*TASK TO CARRY OUT*. In the listing that follows, the range to quote begins at the line that has "Farmhouse 6 Drawers" and ends after the line that has "شارژر دیواری دو"; quote it verbatim and add nothing.

*SOURCE DATA*.
====================
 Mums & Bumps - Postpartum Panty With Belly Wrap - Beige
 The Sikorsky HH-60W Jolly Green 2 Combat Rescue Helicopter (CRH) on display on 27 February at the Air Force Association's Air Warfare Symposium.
====================
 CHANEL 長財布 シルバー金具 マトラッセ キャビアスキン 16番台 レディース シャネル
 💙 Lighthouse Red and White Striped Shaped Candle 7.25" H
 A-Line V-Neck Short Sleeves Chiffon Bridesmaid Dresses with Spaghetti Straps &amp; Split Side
====================
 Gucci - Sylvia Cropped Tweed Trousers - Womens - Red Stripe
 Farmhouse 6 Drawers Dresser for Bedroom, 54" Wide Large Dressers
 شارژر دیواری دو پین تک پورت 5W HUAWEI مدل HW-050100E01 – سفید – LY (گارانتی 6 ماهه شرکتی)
====================
*SOLUTION FOR THIS PROBLEM*.
 Farmhouse 6 Drawers Dresser for Bedroom, 54" Wide Large Dressers
 شارژر دیواری دو پین تک پورت 5W HUAWEI مدل HW-050100E01 – سفید – LY (گارانتی 6 ماهه شرکتی)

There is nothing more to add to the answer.